Not because it is a bad game. It is WoW light (as in diet) with lightsabers. How can that be bad? 

I will play it for say half a year. Maybe SWTOR will be lucky and Guild Wars 2  will not be able to deliver on what was promised. Maybe The Secret World will be the third failure by Funcom. 

Maybe I am hoping for to much when I want my MMO to be more then just a lightweight rehash of decade old games.

If you are thinking of buying this game... it is not a bad MMO but if you except to leave your old MMO to find a superior game... then this ain't it. 

Kotor1 was partially reviewed as being so good because if you like single player RPG's you really don't have to much choice. Even a one legged horse can win in a one horse race. But there are TONS of MMO's out and compared to the rest, SWTOR just doesn't standout. Especially when other equall or even superior games are now F2P.

The ultimate review comes to this:

100 million dollars, 5 year of development, the combined efforts of Bioware, EA and Lucasarts and this is it?

 

Comments

  • VesaviusVesavius Member RarePosts: 7,908

    I agree with what you say here, pretty much in it's entirety, but unlike you I won't buy it and support/ encourage the market that pushes out these designed to please accountants games.

    By giving them your dollar you tell them that this is what you want :/

    I'm not that desperate for a game to play tbh... there are plenty of options until something that actually impresses me to come along. All I can say is that I am personally glad I got to extensively beta test this before launch.

     

  • GorillaGorilla Member UncommonPosts: 2,235

    I agree, though you have missed a couple of  pressing issues (imho).

    They are lazy and somewhat cavalier.

    Oh and to the twitter generation... yes we know you can only think in 142 character snippets...pointless commenting on all the stuff that is too demanding for you. 
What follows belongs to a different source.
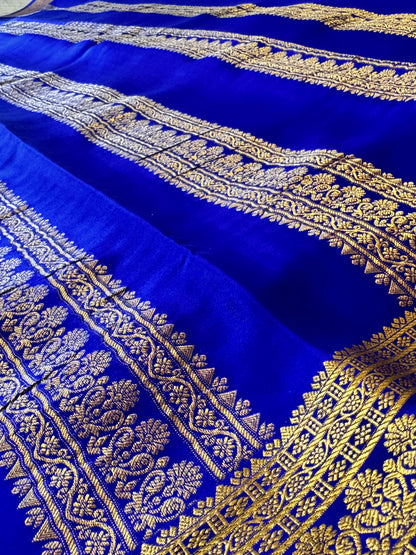 Rich Blue Pure Crepe Mysore Silk saree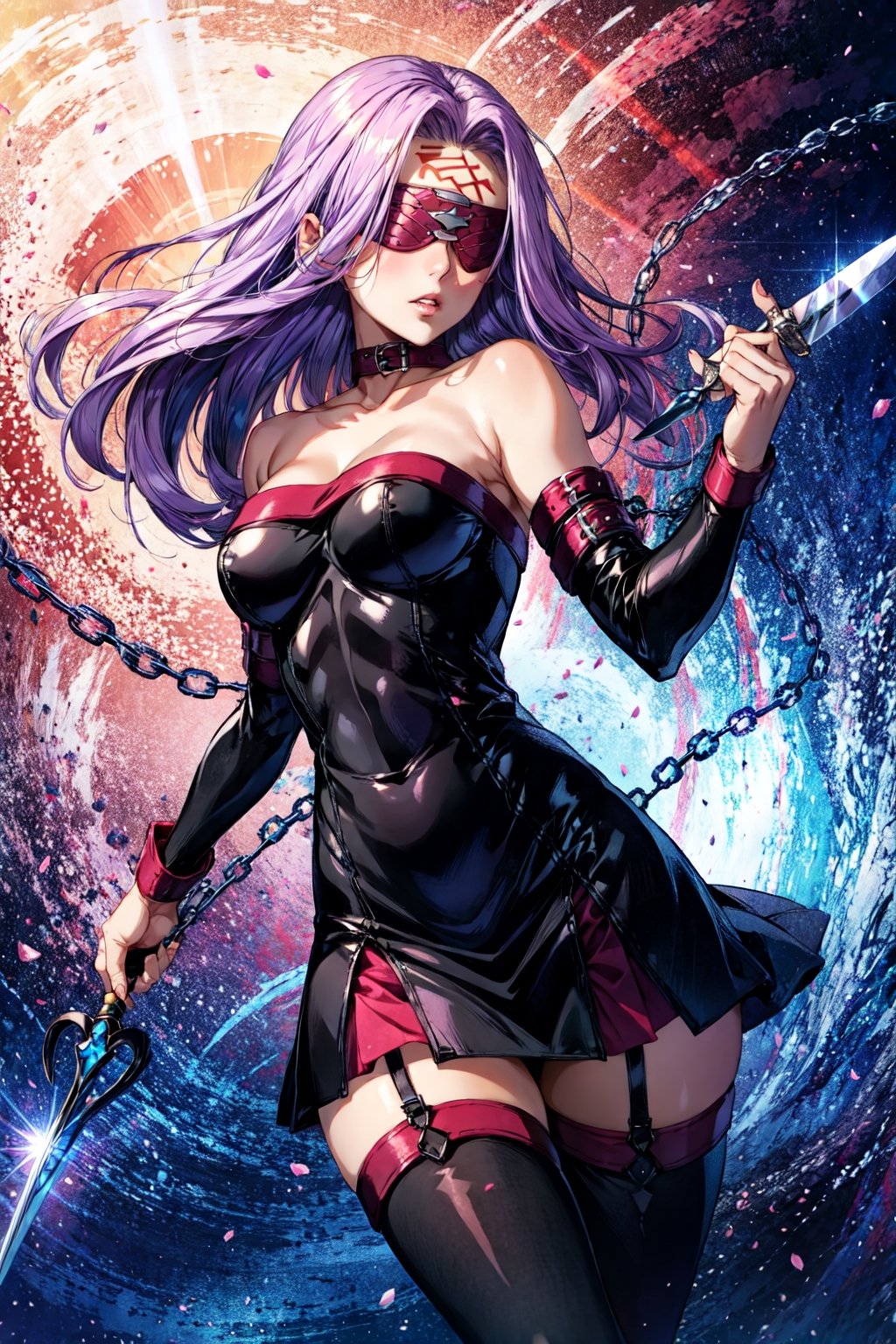 MedFSN, 1girl, strapless dress, detached sleeves, purple hair, blindfold, zettai ryouiki, lips, facial mark, floating hair, large breasts, skin tight, holding weapon, dagger, chain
  • XerenixXerenix Member UncommonPosts: 237

    Very interesting read.

     

    Disagree on some points but the one i disagree most with is crafting. You're making it out to be a extremly time consuming and expensive experience and that you should just sit there and watch the timer go down yet i barely notice it when i order my crew to do missions while out questing.
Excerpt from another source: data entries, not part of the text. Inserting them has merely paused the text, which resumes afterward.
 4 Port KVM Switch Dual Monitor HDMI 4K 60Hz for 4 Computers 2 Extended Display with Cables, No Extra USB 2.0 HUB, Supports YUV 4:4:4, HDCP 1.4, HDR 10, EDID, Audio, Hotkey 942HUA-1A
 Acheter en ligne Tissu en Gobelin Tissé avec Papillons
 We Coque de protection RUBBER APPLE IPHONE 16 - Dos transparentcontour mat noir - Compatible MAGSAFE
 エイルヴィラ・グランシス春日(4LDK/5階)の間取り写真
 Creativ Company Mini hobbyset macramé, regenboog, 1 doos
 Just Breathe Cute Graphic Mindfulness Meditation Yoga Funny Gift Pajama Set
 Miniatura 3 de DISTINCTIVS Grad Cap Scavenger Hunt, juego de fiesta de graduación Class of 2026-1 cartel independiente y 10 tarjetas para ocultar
    I got now almost 400 in Underworld trading, Cybertech and Scavenging at level 41 and i even had the money to buy Riding level 2 which costs 210k credits. I earn back the money easily by creating mods then selling them to vendors while supplying myself with fresh Blue mods for my gear which is not hard to get by RE the green mods as most of the time, i get the schematic on  1-5 tries.

    First MMO in a while since SWG that i've actually bothered with crafting.
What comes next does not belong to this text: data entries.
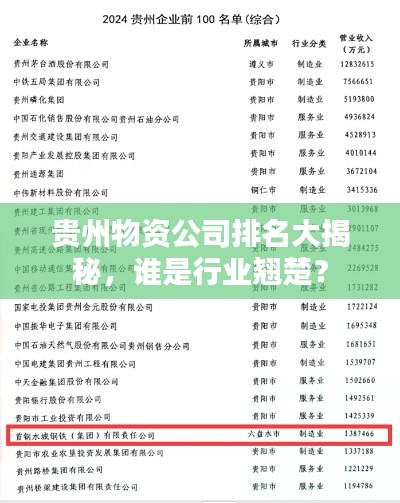 貴州物資公司排名大揭秘，誰是行業(yè)翹楚？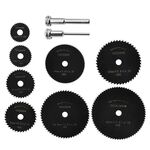 10 pezzi/set lama da taglio in acciaio rapido multi-dimensione per taglio di legno PVC smerigliatrice elettrica lama per sega con asta da 3,17 mm + 6 mm, colore: nero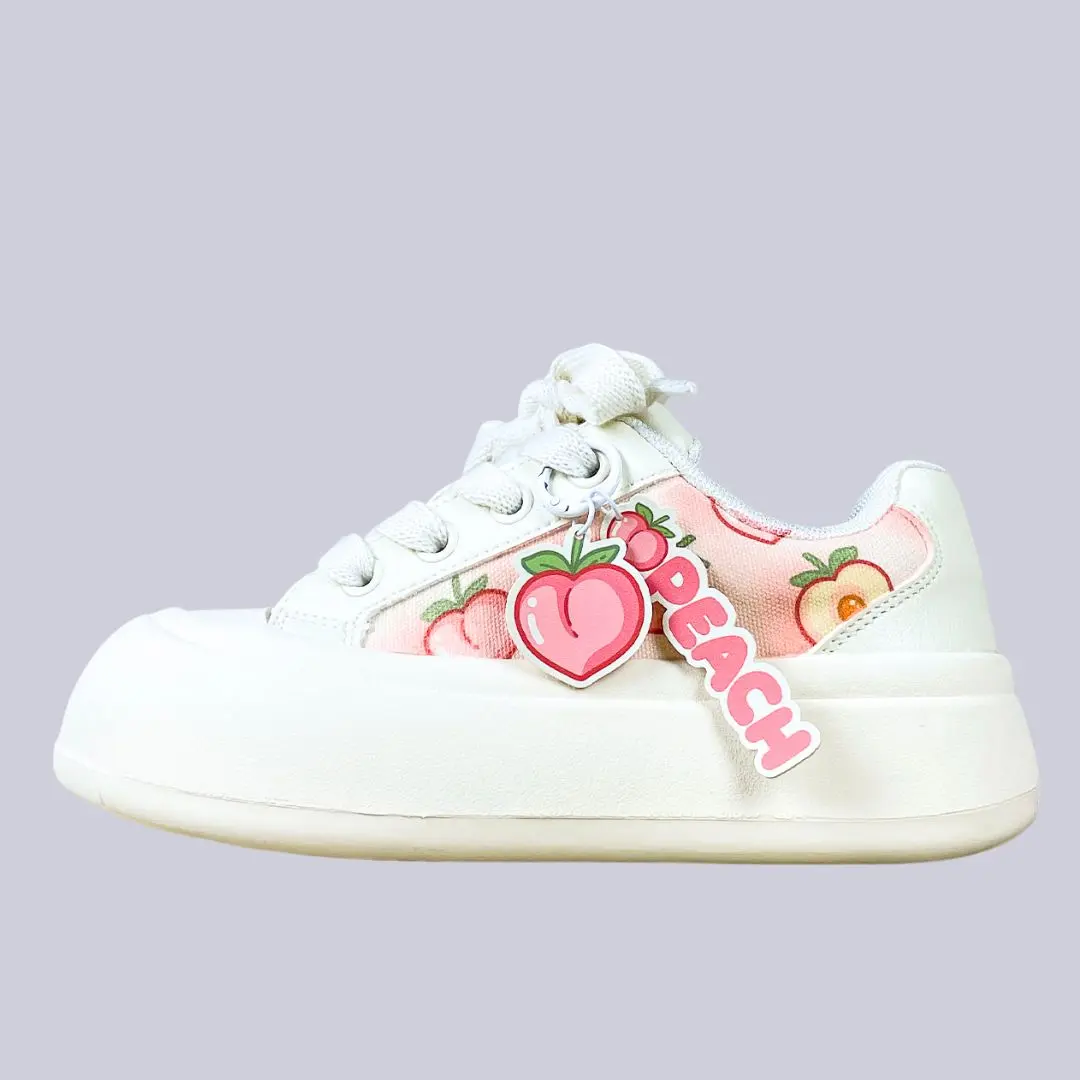 Sweet Juicy Peach Print Chunky Sneakers - Women's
  • MothanosMothanos Member UncommonPosts: 1,910

    When years passed away and new technololy becomes availeble and new hardware is born each day...we would expect progresss.

     

    For mmo's its always a tuff decision wich engine to use or create, do we want state of the art engine's a small portion of the market can play.

    Or do we use a outdated engine a big part of the market can play.

     

    In SWTOR they choosed the last option and they are right about it, but and here it comes...it looks horrible when you look at character textures :(

    You are looking at your character most of the time when doing things, so your avatar needs to look perfect.

    This defines MMO's over other genre's.

     

    Even WoW been on the market for 7 years and had 5 or 6 years of development give's you the feeling you look fantastic in the right gear.

    In SWTOR they went 3 steps back and made you look outdated with almost crappy textures to look at.

     

    The world looks ok to good, but my avatar on max setting doesnt fit the theme.

    its like a piece of rubber on your pizza :P it sticks out and doesnt make you look awesome.

    One of the major concerns i have in SWTOR, i can swallow the other minor buggs and stuff, but this has to be fixed asap.

     

    Check Aion graphics and look how the your avatar looks like compared to SWTOR or even WoW for example and people know what i mean by this.

     

     

  • pierthpierth Member UncommonPosts: 1,494

    Excellent review OP, agree with all points made.